Lamont Holdings, the Northern Ireland-based textiles company, has warned that losses will be incurred in the full year. Six weeks ago the company told its shareholders to expect a profit decline but now it expects to go into the red. Lamont had complained about difficult trading conditions with "subdued" demand for carpets and home furnishings but says it is "now clear that the commissioning of new plant and equipment at Moygashel and BFF Nonwovens has continued to cause disruption".

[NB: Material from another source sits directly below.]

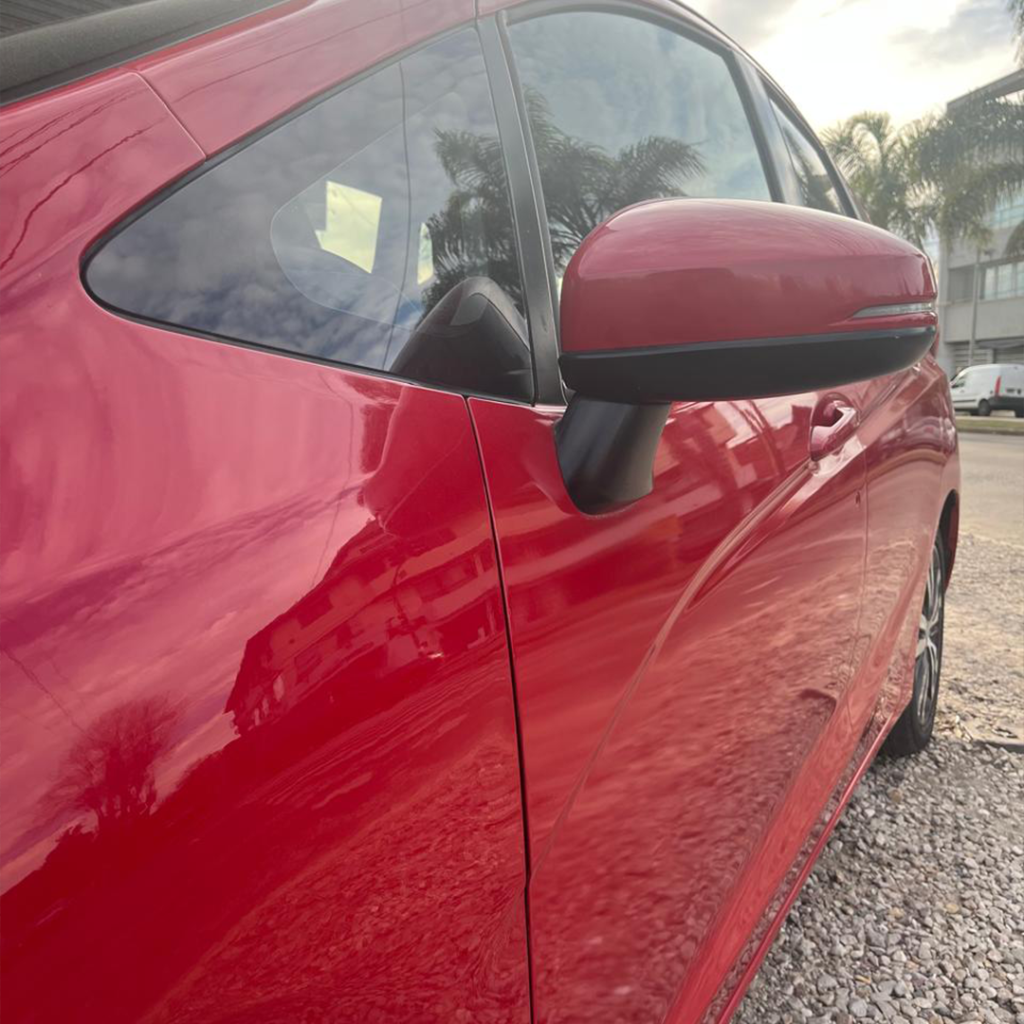 Honda Fit EX-L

An overall loss is predicted before the inclusion of a £2.8 million sterling profit on disposals. The group recorded an interim pre-tax profit (before exceptionals) of £700,000. The commissioning problems are described as "temporary" but will lead to a once-off impact on profit of more than £2 million. The group also anticipates further redundancy costs of £900,000. On a more optimistic note, the group has noted that its re-equipment programme, which totalled more than £40 million, has been completed this year. As a result, it is now said to be well placed to take advantage of wider and new market opportunities. An unchanged interim dividend has been paid. Lamont reiterated that the final dividend would be considered in the light of the results for the full year. However, the market is bracing itself for a cut.
Lamont has also announced the resignation of its chairman, Dr Paul Vaight, who has also left the board because of "increased family commitments".
He has been succeeded by Mr Dermott Simpson as non-executive chairman. Mr Simpson is executive chairman of the recently-floated BCO Technologies, a Belfast-based manufacturer of microchips. He is non-executive chairman of Phillips Auction Group which is based at New Bond Street, London.